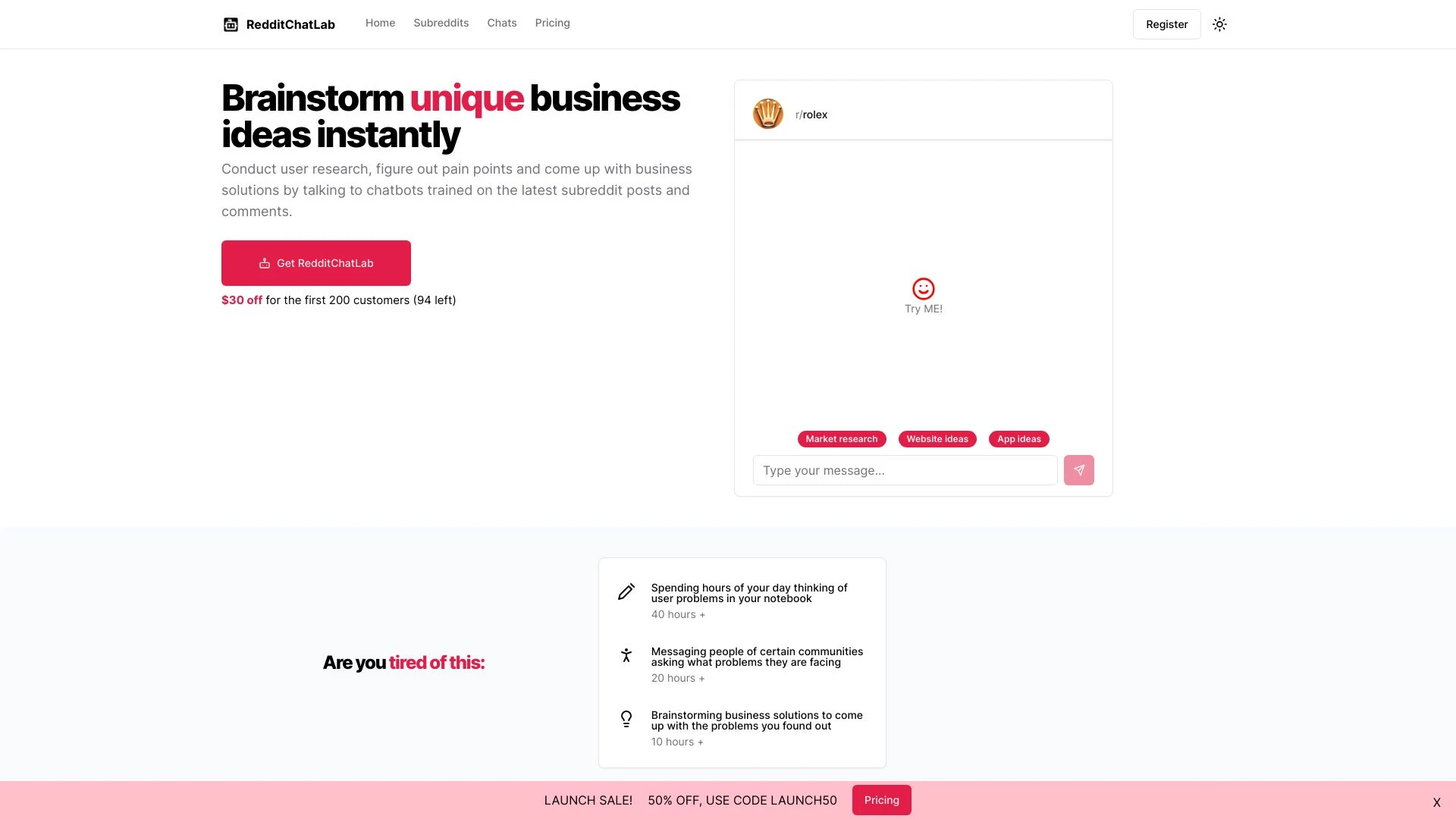 RedditChatLab - AI Tool Ocean
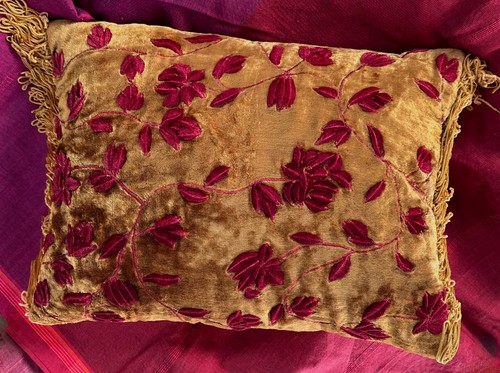 Antique velvet cushion - antique,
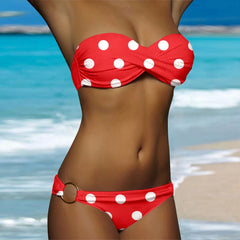 Ruched White Dot Print Two Piece Swim Sets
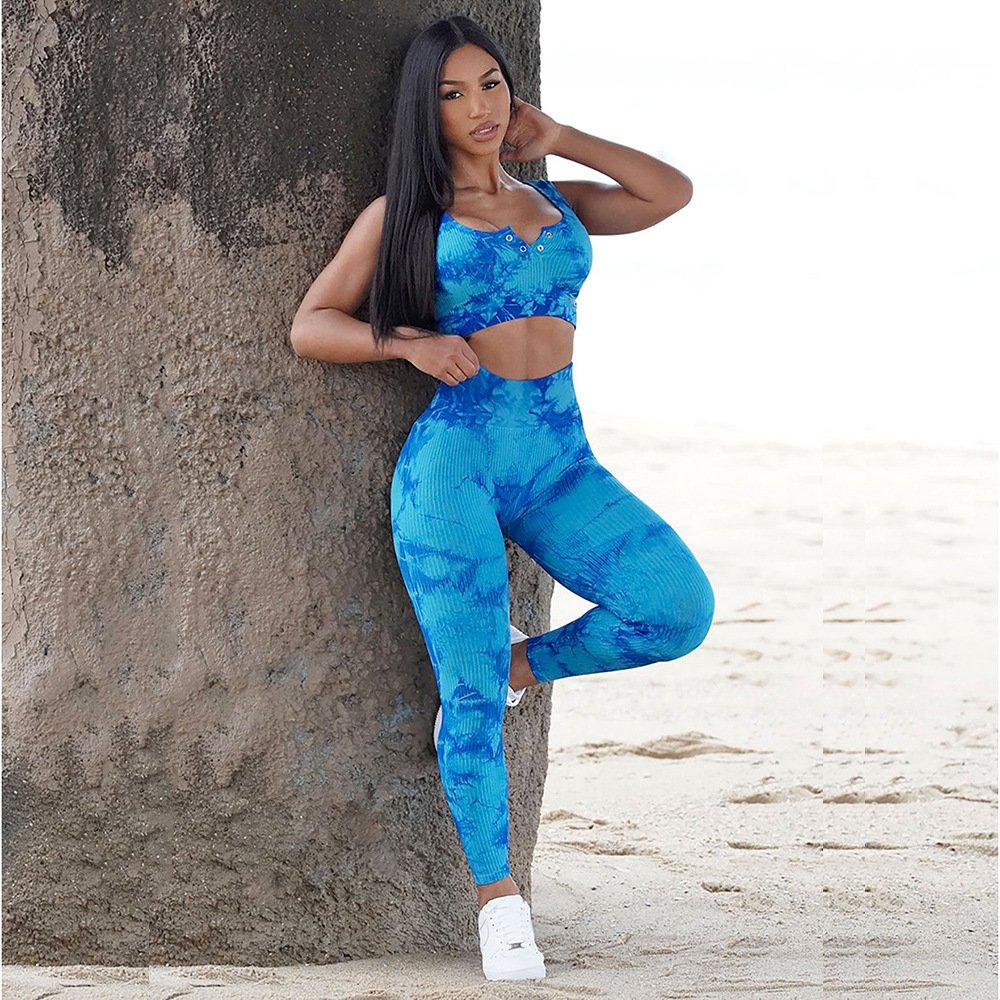Customized Logo 2 Piece Short Set Women Printing Adults Sports Bra Tie Dye Leggings Seamless Yoga Sets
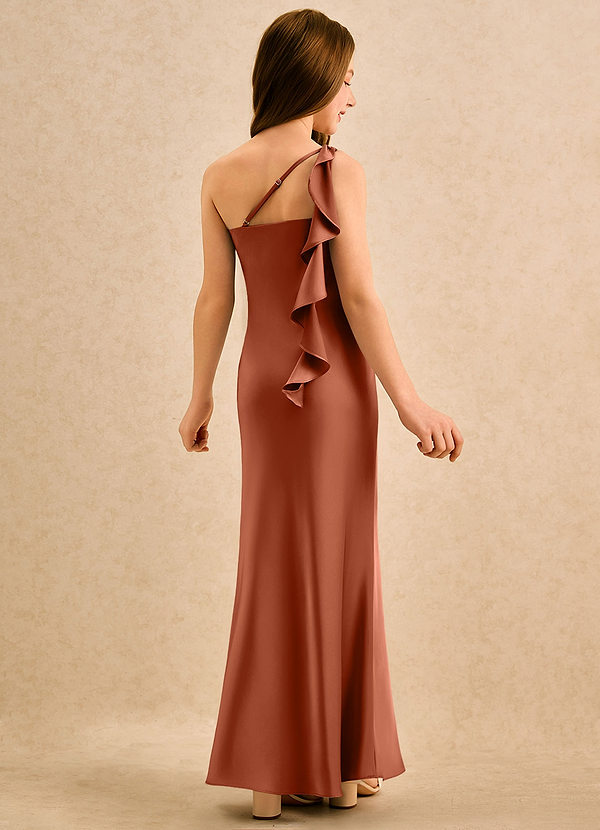 Azazie Almond Girls Formal Robes de Fillette d'Honneur Robe Fourreau en Satin extensible Une épaule Rose De Cèdre image1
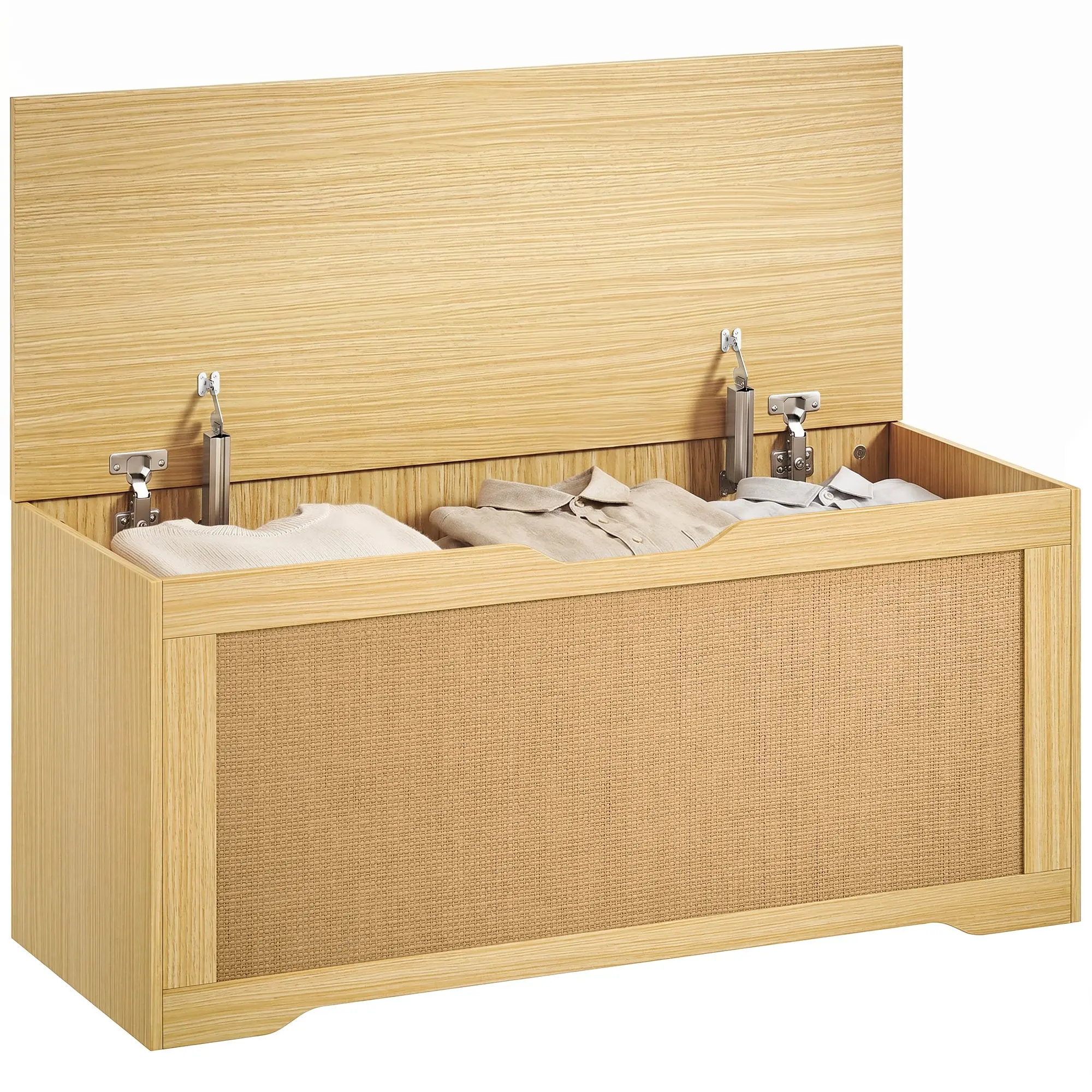 108 L (28.5 US gal) Storage Trunk Bench with Rattan Panel, Lift-Up Lid & Support Arms, Handle-Free Design — 31.5" x 15.7" x 17.7" (80 x 40 x 45 cm), Oak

++++

» **What to do**
Copy out all the data above exactly, pictures excluded.

» **Final answer**
 RedditChatLab - AI Tool Ocean
 Antique velvet cushion - antique,
 Ruched White Dot Print Two Piece Swim Sets
Customized Logo 2 Piece Short Set Women Printing Adults Sports Bra Tie Dye Leggings Seamless Yoga Sets
 Azazie Almond Girls Formal Robes de Fillette d'Honneur Robe Fourreau en Satin extensible Une épaule Rose De Cèdre image1
 108 L (28.5 US gal) Storage Trunk Bench with Rattan Panel, Lift-Up Lid & Support Arms, Handle-Free Design — 31.5" x 15.7" x 17.7" (80 x 40 x 45 cm), Oak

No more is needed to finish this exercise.